[[ DATA EXCERPTS open ]]

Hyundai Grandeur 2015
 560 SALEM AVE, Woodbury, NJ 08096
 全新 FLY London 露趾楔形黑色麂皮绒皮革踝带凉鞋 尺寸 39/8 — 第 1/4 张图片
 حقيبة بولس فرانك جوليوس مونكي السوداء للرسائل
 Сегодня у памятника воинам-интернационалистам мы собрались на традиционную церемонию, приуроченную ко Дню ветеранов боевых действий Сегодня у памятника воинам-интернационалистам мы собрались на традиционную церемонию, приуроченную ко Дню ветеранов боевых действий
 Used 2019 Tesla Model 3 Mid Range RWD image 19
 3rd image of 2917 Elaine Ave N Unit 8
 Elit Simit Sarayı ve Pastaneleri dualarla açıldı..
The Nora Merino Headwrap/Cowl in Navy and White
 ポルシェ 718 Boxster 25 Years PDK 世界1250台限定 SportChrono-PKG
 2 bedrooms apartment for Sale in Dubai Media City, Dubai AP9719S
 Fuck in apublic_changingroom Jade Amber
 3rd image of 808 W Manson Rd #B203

[[ DATA EXCERPTS closed ]]

Please make an exact copy of the lines from the one holding "Fuck in apublic_changingroom Jade Amber" through the final line of the records above, nothing more.

 Fuck in apublic_changingroom Jade Amber
 3rd image of 808 W Manson Rd #B203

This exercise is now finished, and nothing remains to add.